**Exercise directions:** Transcribe the listing in full, excluding any pictures.
-------- Data extract --------
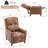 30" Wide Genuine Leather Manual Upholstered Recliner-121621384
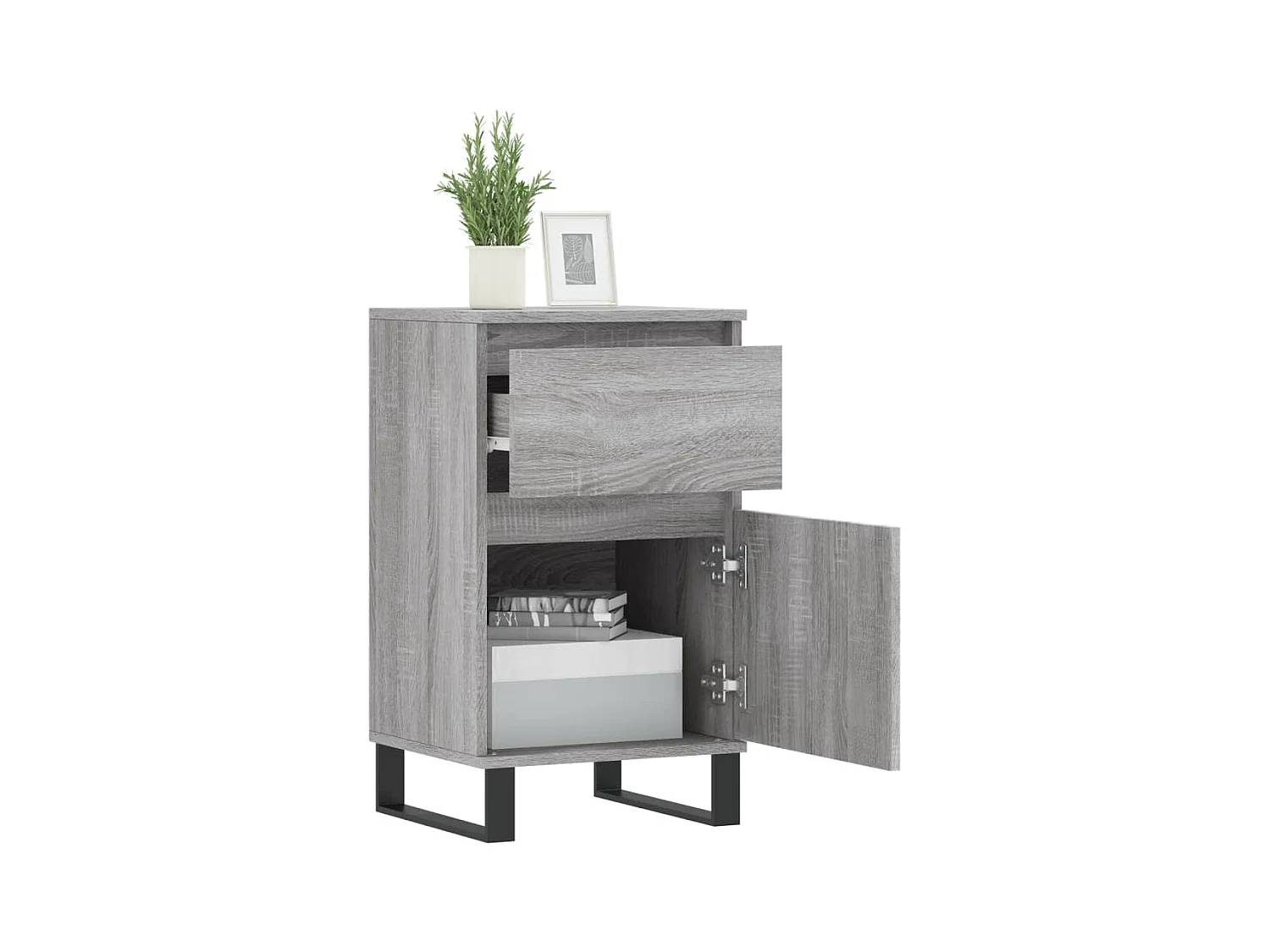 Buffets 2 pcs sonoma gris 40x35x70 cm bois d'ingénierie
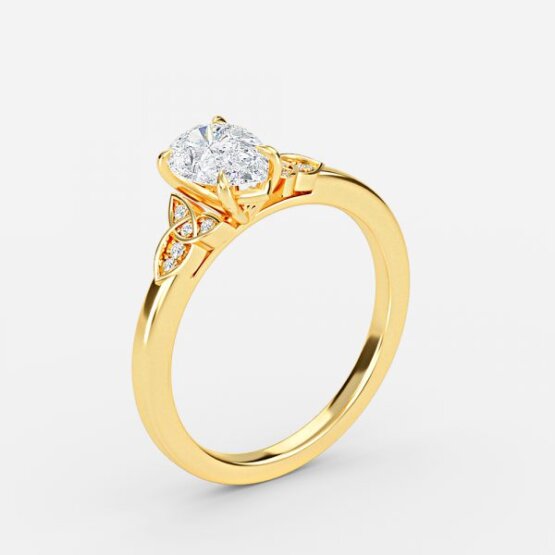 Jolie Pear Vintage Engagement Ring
--------
**Problem solution:**
 30" Wide Genuine Leather Manual Upholstered Recliner-121621384
 Buffets 2 pcs sonoma gris 40x35x70 cm bois d'ingénierie
 Jolie Pear Vintage Engagement Ring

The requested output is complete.